The problem is, this line interferes with Christian unity more than any other issue. It is not a serious threat to unity – but it sure messes us up when we’re together at weddings, funerals, and other events where we pray together.
Most Christians say “trespasses.” This comes from William Tyndale’s erroneous translation of this word in Matthew’s account of the Lord’s Prayer. Thomas Cranmer used Tyndale’s translation in his Book of Common Prayer, which has been used for centuries by the Anglicans, Episcopalians, and Methodists. And even though Tyndale was burned at the stake for translating the Bible into English, the Roman Catholics chose to use his version after they started celebrating the Mass in English.
The word was correctly translated as “debts” in the King James Version – which is the one originally used by Presbyterians and many in the Evangelical tradition.
You may have noticed, however, that Luke used the word “sins” in his account. Do not be alarmed – this is not a contradiction in God’s Word. The context is different – Jesus is responding here to His disciple’s request that He teach them how to pray. Matthew’s account is of Jesus’ Sermon on the Mount.
Besides, In the Hebrew culture of Jesus’ day, the word debt was a synonym for sin. To sin is to incur a penalty, a debt that can only be paid by punishment. So we’re not so much asking that our sins be forgiveness, but that we be released from the debt we owe because of them – the punishment we deserve.

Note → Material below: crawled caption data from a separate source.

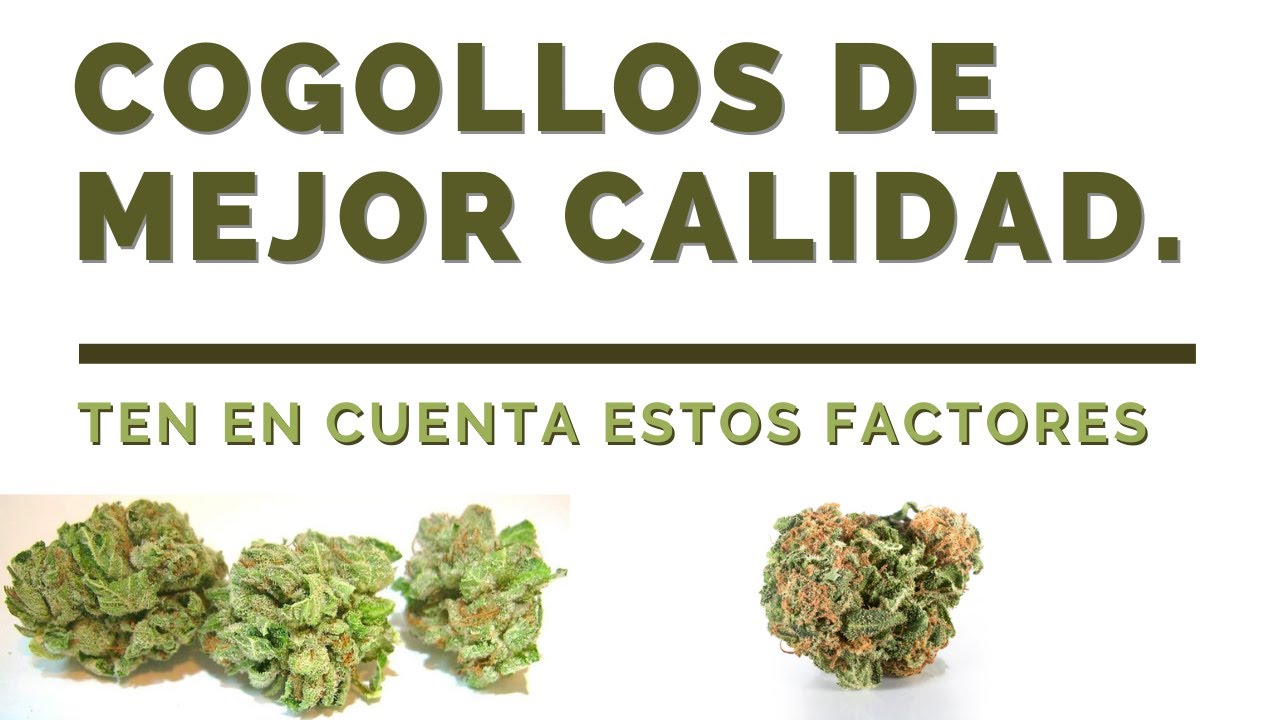 ≫ Como lograr tener cogollos de marihuana gordos ✅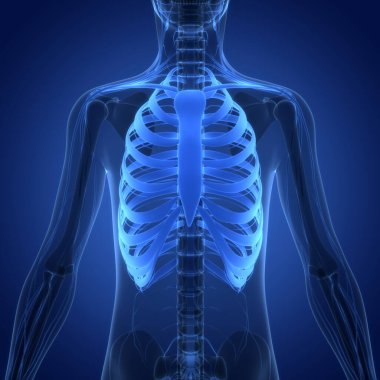 İnsan İskelet Sistemi 'nin 3 boyutlu tasviri Eklem Kemikleri Anatomisi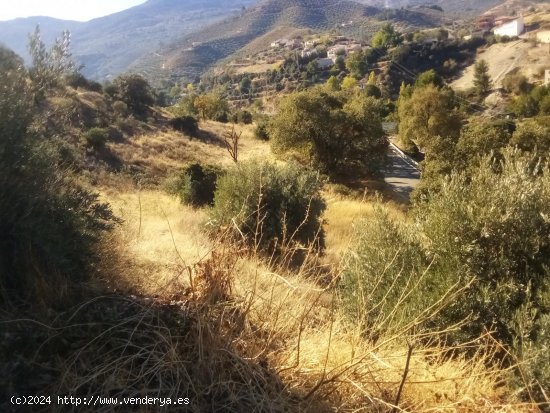 Solar en venta en Los Villares (Jaén)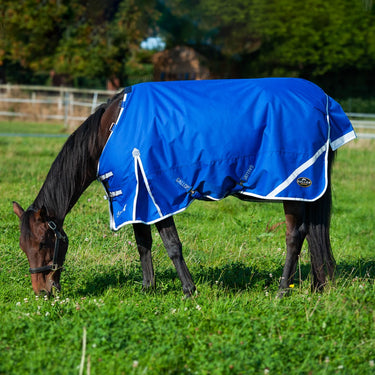 Gallop Trojan Xtra 300g Dual Turnout Rug & Neck Set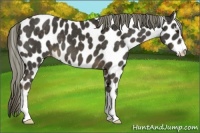 Horse Color:Liver Chestnut Mushroom Sabino Leopard 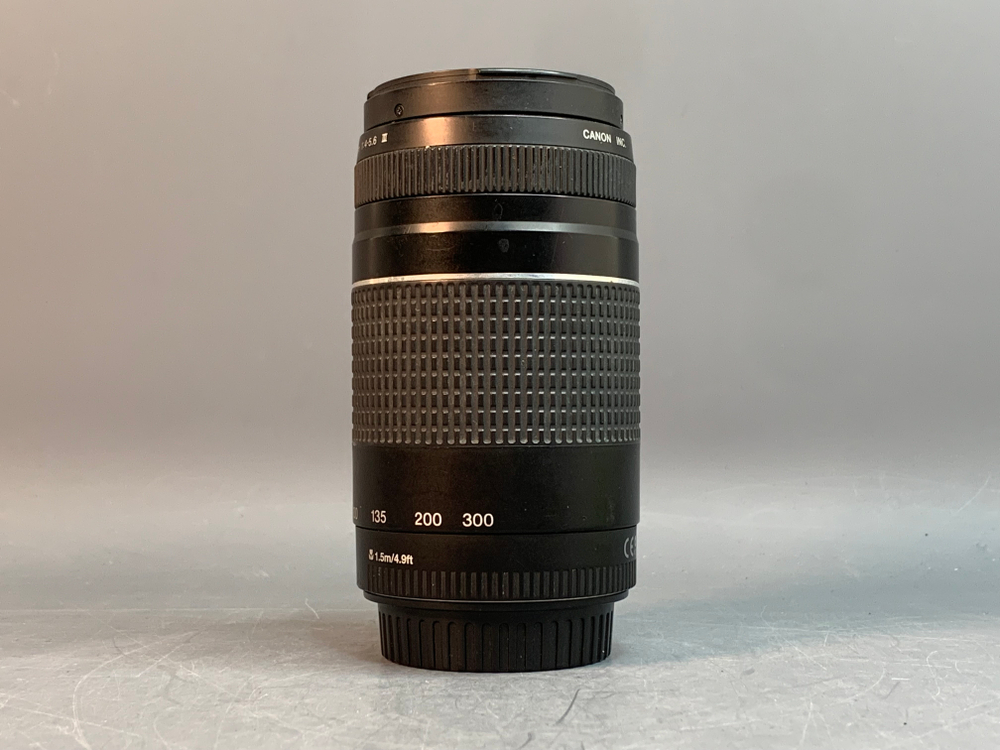 Canon EF 75-300mm 4-5.6 III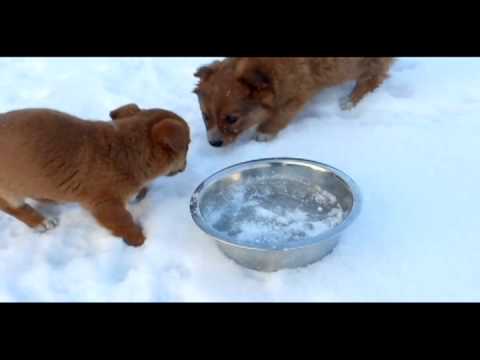 Miska termiczna innowacje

And Jesus would be the answer to His own prayer – in that he would pay the debt for us. Or as the gospel song goes: “I owed a debt I could not pay. He paid a debt He did not owe.” And that leaves us with a different kind of debt. As Oswald Hoffman put it, “We are debtors to the goodness and grace of God.”

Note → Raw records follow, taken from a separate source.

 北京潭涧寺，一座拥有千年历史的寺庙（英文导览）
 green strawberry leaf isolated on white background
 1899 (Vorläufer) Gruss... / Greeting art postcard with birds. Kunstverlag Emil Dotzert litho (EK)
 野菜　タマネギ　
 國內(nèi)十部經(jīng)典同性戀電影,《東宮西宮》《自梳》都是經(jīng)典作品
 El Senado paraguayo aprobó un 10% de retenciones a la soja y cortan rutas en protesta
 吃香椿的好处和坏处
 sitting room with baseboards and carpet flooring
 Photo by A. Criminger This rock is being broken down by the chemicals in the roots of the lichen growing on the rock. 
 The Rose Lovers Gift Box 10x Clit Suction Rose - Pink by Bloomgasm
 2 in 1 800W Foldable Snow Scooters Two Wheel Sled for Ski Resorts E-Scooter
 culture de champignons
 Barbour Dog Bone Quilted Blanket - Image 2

So – in spite of the very public nature of the debts-trespasses-sins debate – which becomes obvious every time Christians of different flavors get together – it all means essentially the same thing. (KPC?)

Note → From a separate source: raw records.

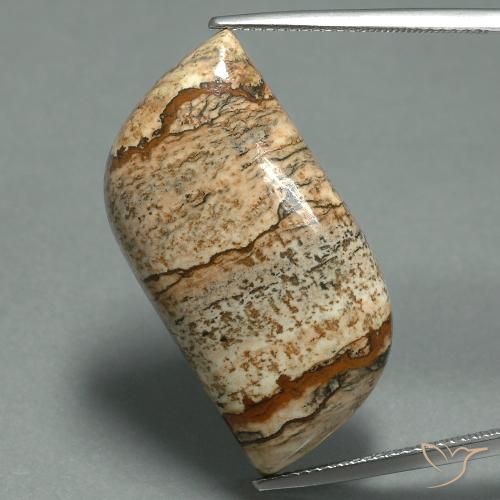 27.45ct 天然 マルチカラー 碧玉, ファンシー, オペーク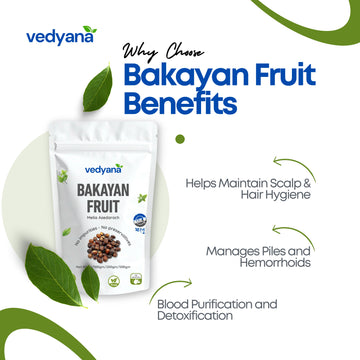 Vedyana Bakayan Fruit (Melia azedarach) | Chinaberry Dried Fruit
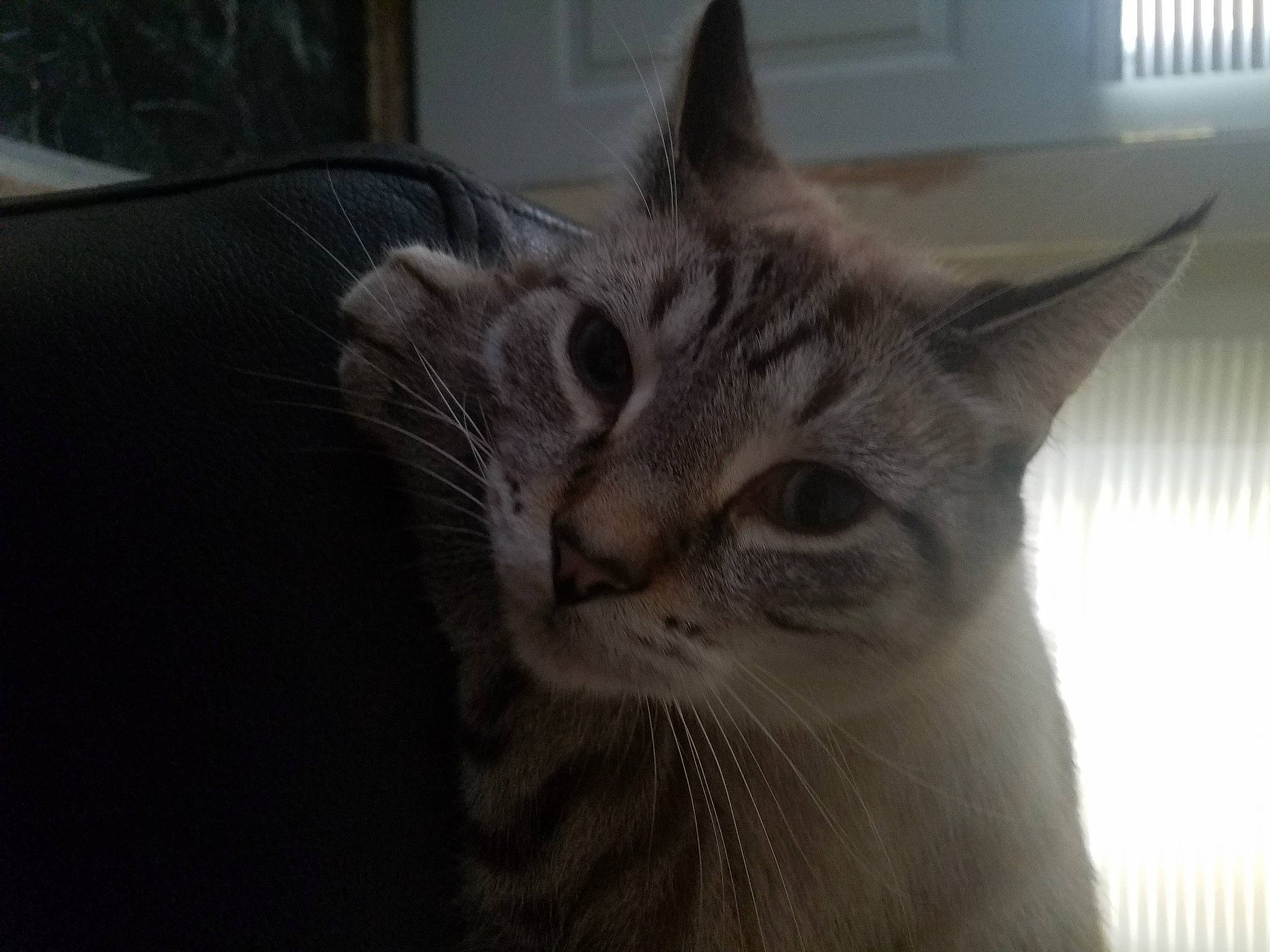 Jedi joined the competition — help win amazing prizes! carnivore, cat, domestic_short_haired_cat, felidae, fur, small_to_medium_sized_cats, snout, terrestrial_animal, tree, whiskers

The bigger issue – the more important question – is the relationship between being forgiven and forgiving others. “Forgive us our sins in the same way as we forgive those who sin against us” seems to imply that forgiving others is the key to our being forgiven. Many Christians believe they won’t be forgiven if they don’t forgive others.
The parable of the two men who owed debts that we find in Matthew 18 only reinforces this fear. A king forgives his servant a debt of ten thousand talents. A talent was 20 year’s wages for a typical worker. Since the average individual income in this town is $25,000 a year, that makes ten thousand talents the equivalent of five billion dollars. Billion – with a Big B. But that same man had a servant who owed him 83-hundred dollars – and the man who had been forgiven so much showed no mercy to his servant. In turn, the king threw the unforgiving servant into prison, where he would stay until he had paid the last penny – in other words, for the rest of his life.
Makes you wonder about banks that were bailed out for hundreds of billions, but show no mercy when you get a few months behind on your mortgage …
So many Christians believe they won’t be forgiven if they don’t forgive others. Maybe you are one of them.
First, we need to remember that this is a prayer for believers to pray. Only someone whose heart has been regenerated by the Holy Spirit and who has been given the gift of faith could call God “Father.” The title implies a relationship already exists between God and the one praying this prayer.
And if someone is already a believer, then that person is already justified by the blood of Jesus and is Not Guilty in the sight of God. So a believer is already forgiven – not just for sins committed before coming to faith, but for all sin – past, present, and future.
So we forgive as a response to God’s mercy toward us – not in order to be forgiven. And we do it because unforgiveness gets in the way of our fellowship with others and with God. Extending forgiveness gives us a sense of release so that we may move forward.
Something Michael Corleone had trouble with. In The Godfather II, Michael is betrayed by his older brother Fredo – and Michael instructs one of his hitmen not to hurt Fredo as long as their mother is alive. This is not forgiveness – it’s deferred revenge. Shortly after mama Corleone’s funeral, Fredo goes out on the lake to go fishing and winds up sleeping with the fishes.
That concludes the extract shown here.